I'd like the entire listing output verbatim, apart from the pictures.

→ **THE DATA**:

##############################

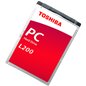 TOSHIBA HDD mobile L200-1TB-54RPM-128MB-SATA-2.5"-7mm TOSHIBA HDD mobile L200-1TB-54RPM-128MB-SATA-2.5"-7mm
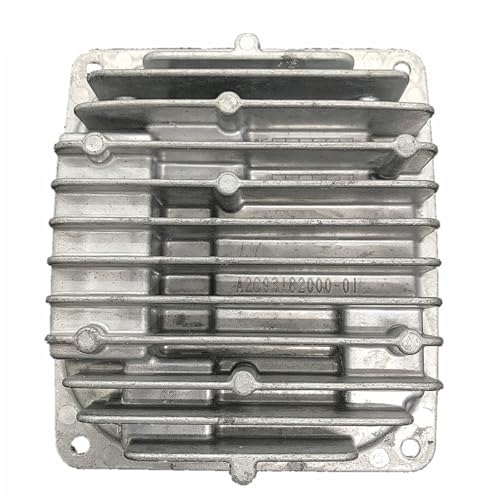 Module de commande de phares A2C93182000-01 pour réparer les feux clignotants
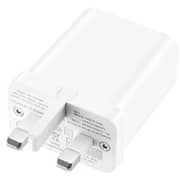 Huawei Wall Charger White with USB Type C Cable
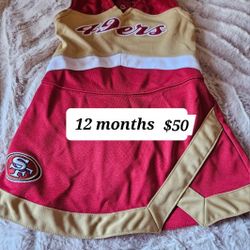 49ers Jerseys ❤️ Different Prices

##############################

→ **EXERCISE OUTPUT**:
 TOSHIBA HDD mobile L200-1TB-54RPM-128MB-SATA-2.5"-7mm TOSHIBA HDD mobile L200-1TB-54RPM-128MB-SATA-2.5"-7mm
 Module de commande de phares A2C93182000-01 pour réparer les feux clignotants
 Huawei Wall Charger White with USB Type C Cable
 49ers Jerseys ❤️ Different Prices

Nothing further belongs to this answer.